Interestingly, the ancient art form, alchemy, is central to Jung’s idea of the collective unconscious. Much of the vast array of symbols used in alchemy draws from the Collective Unconscious of the West.

The alchemists’ saying, “As above, so below.” means that what is happening in the world is a symbolic reflection of what is happening inside of ourselves. Alchemy has a dual nature: it is both a chemical process with a parallel mystical component. For example, the magnum opus (“great work”) is discovering the Philosopher’s Stone, or a substance that can turn lead into gold. This is commonly taken literally and thus misinterpreted: it means turning the lead of the self into spiritual gold, and is analogous to the eastern concept of enlightenment or awakened consciousness.

Hermes Trismegistus – traditionally credited as the author of the Hermetica and legendary founder of Western alchemy. (Maier, 1617)
Hermes Trismegistus – traditionally credited as the author of the Hermetica and legendary founder of Western alchemy. (Maier, 1617)

In Gnosticism and in Christian, Islamic and Jewish mysticism, gnosis generally means spiritual knowledge and is linked to “insight”, or the intuitive knowing of oneself. The Gnostics were a collection of ancient religions (1st – 2nd century AD) that defined gnosis as primarily self-knowledge, the secret to attaining the goal of enlightenment.

A page of the Gnostic Gospel of Judas from the Codex Tchacos.
A page of the Gnostic Gospel of Judas from the Codex Tchacos.

Hindu knowledge

For the Hindu’s, knowledge of self or self-realization is Atman jnana. Jnana signifies knowledge, as acquired through meditation. Atman, oneself or the mystery of our life, is identical with ultimate reality or Brahman. For Tibetan Buddhists, jnana means pure awareness that is free of conceptual encumbrances. It is above reason and can never be attained by reason alone.

The Upanishads, ancient Hindu texts written somewhere between 1000 BC – 500 BC, reveal the nature of ultimate reality and freedom from samsara (the cycle of life and death) through self-realization (Atman jana).

The Katha Upanishad is the story of a boy, Nachiketa who meets Yama, the Hindu lord of death, who reveals:

“when the consciousness of Atman manifests itself, man becomes free from the jaws of death”.

Yama, the Hindu lord of death
Yama, the Hindu lord of death

In the following quote, Yama brings together, empiricism (senses, object and mind), rationalism (pure reason), Kant, Jung, the Alchemists and the Gnostics (Atman and Avyaktam) and the Cosmic Soul:

“Beyond, the senses are their objects, beyond the object is the mind. Beyond the mind is pure reason, and beyond pure reason is the Spirit in man (Atman). 

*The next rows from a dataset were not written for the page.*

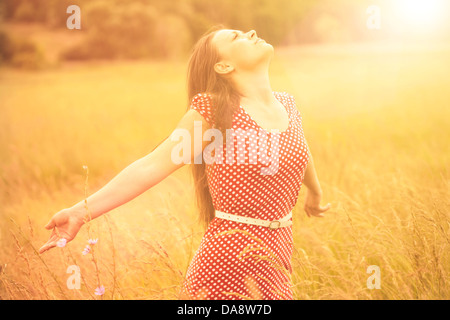 Relations sérieuses in de l'été. Jeune femme heureuse bénéficiant du soleil sur la prairie du blé Banque D'Images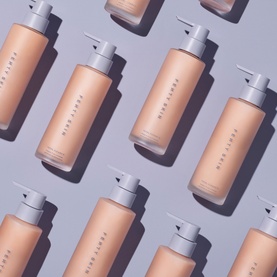 Fenty Skin cleanser in peach pump bottles arranged in a repeating flat-lay pattern on a lilac background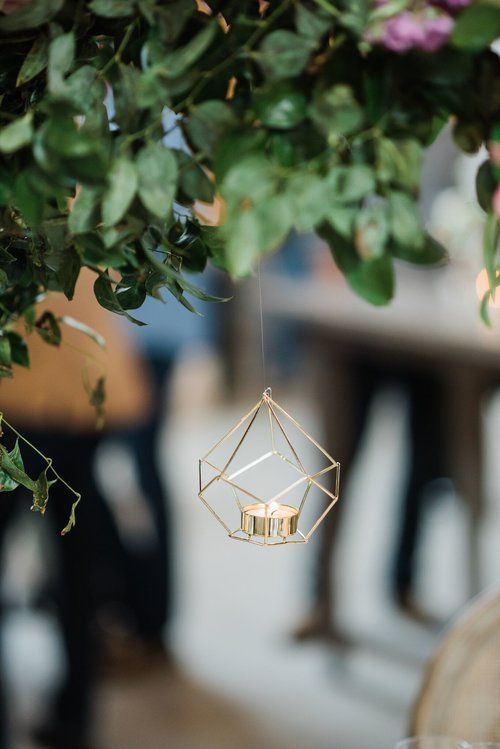Small gold geometric hanging candle holder beneath green leaves, with a blurred indoor background.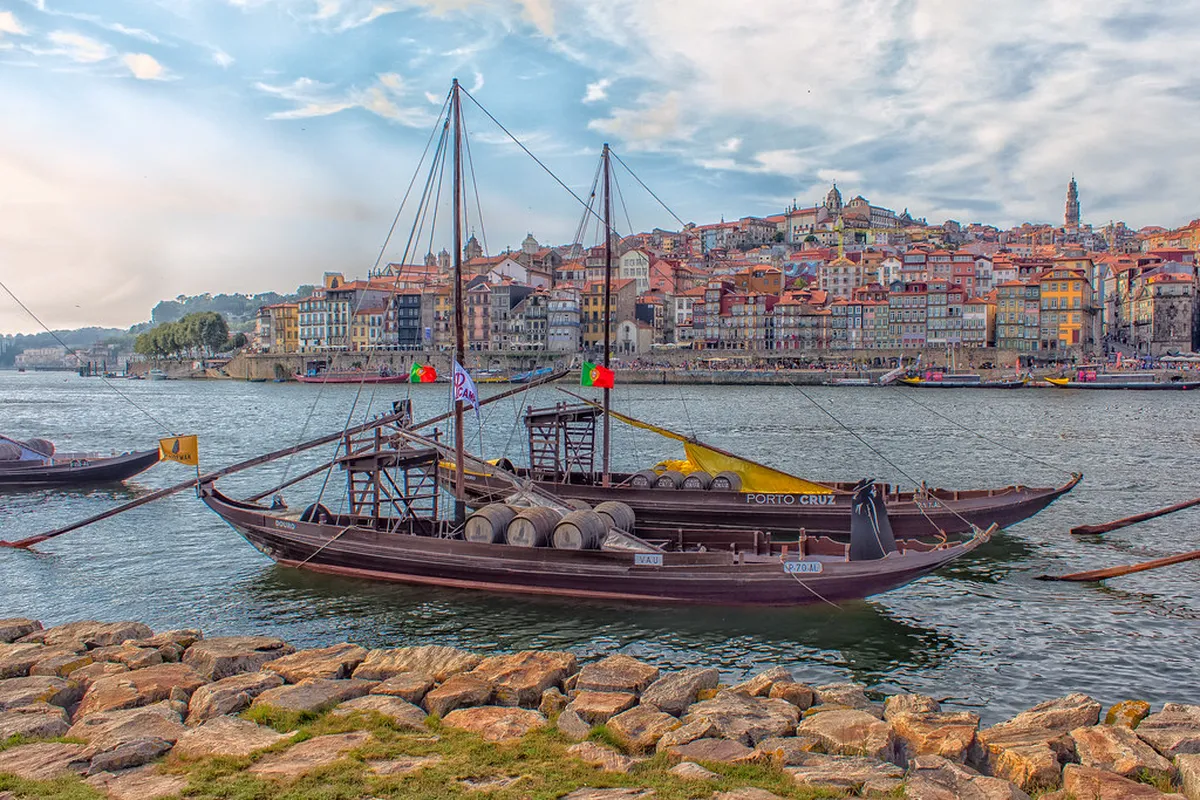 Historic Porto port wine cellars with rows of oak barrels lining the cool stone chambers in Vila Nova de Gaia
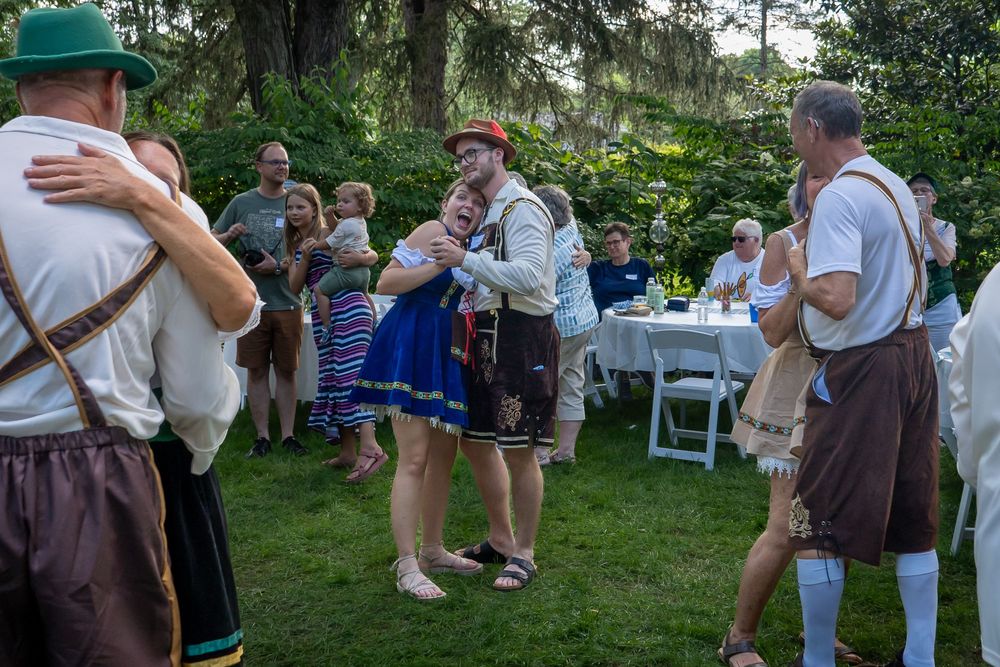 People gathered and dancing for an outdoor party in a lush garden setting.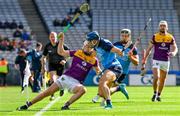 6 May 2023; Rory O'Connor of Wexford is tackled by Eoghan O'Donnell of Dublin during the Leinster GAA Hurling Senior Championship Round 3 match between Dublin and Wexford at Croke Park in Dublin. Photo by Ray McManus/Sportsfile
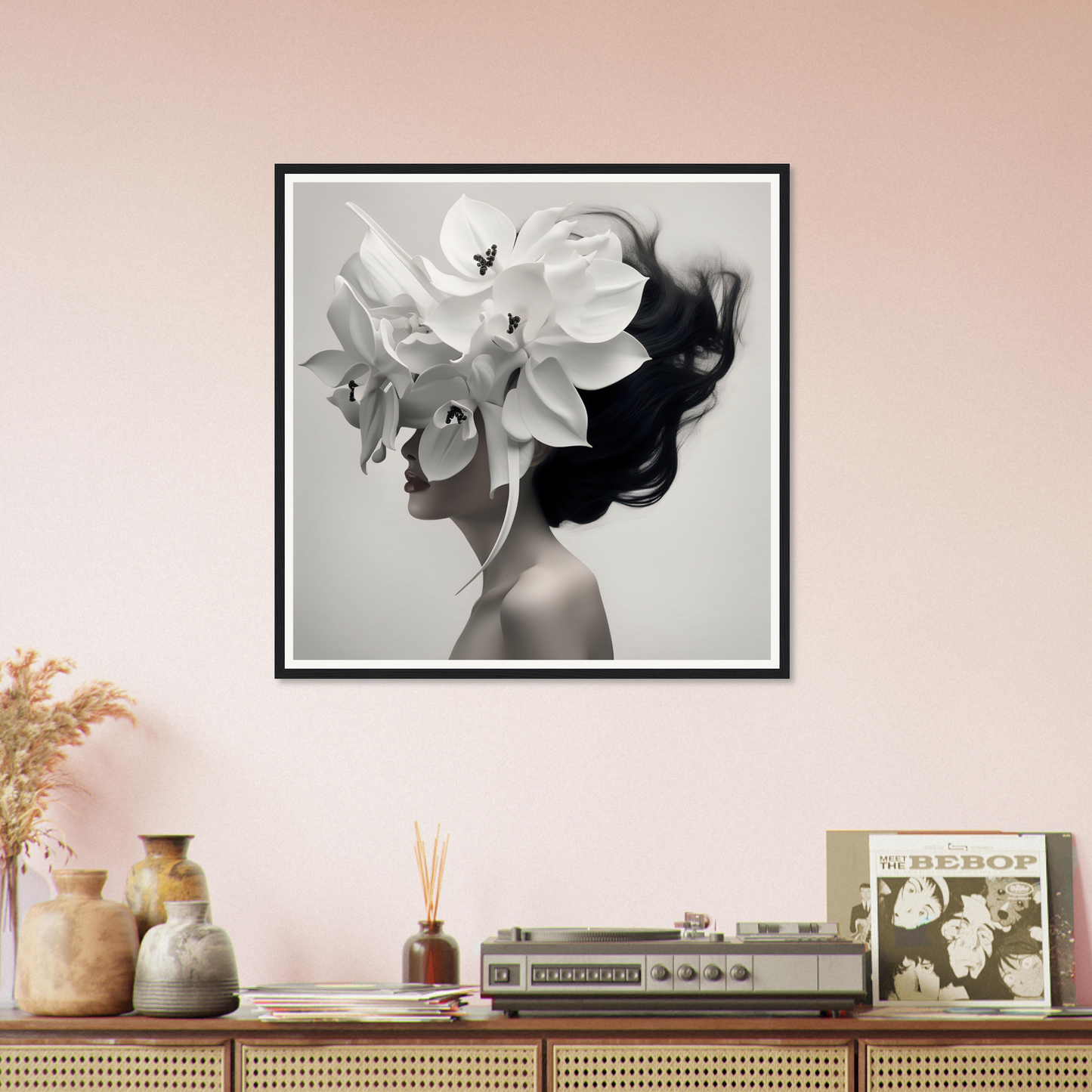 Framed black and white artwork depicting a silhouette with flowers as hair.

Beyond the Spirit in man (Atman) is the Spirit of the Universe (Avyaktam), and beyond is Purusha, the Cosmic soul. There is nothing is beyond Purusha; this is the goal, the highest Road.”

Reconciling knowledge

Science is a reliable of way of understanding the physical and material realm. Nevertheless, scientific innovation, invention and discovery often arise from, imagination intuition, dreams and flashes of insight (E.g. Albert Einstein, Neils Bohr, Archimedes, Mendelev etc). Creative ideas seemingly come out of the ether, but can then be empirically tested and verified scientifically.

Both a priori knowledge, such as reason, intuition and logic, and a posteriori, or empirical knowledge, are necessary for man to construct an understanding of life and the universe. In most mystical and spiritual traditions, the secret to ultimate knowledge is “knowing thyself” or self-realization, which cannot be obtained through reason or empirical methods alone.

Mystical experience is necessary to reveal the inner nature of things while science is necessary for modern life.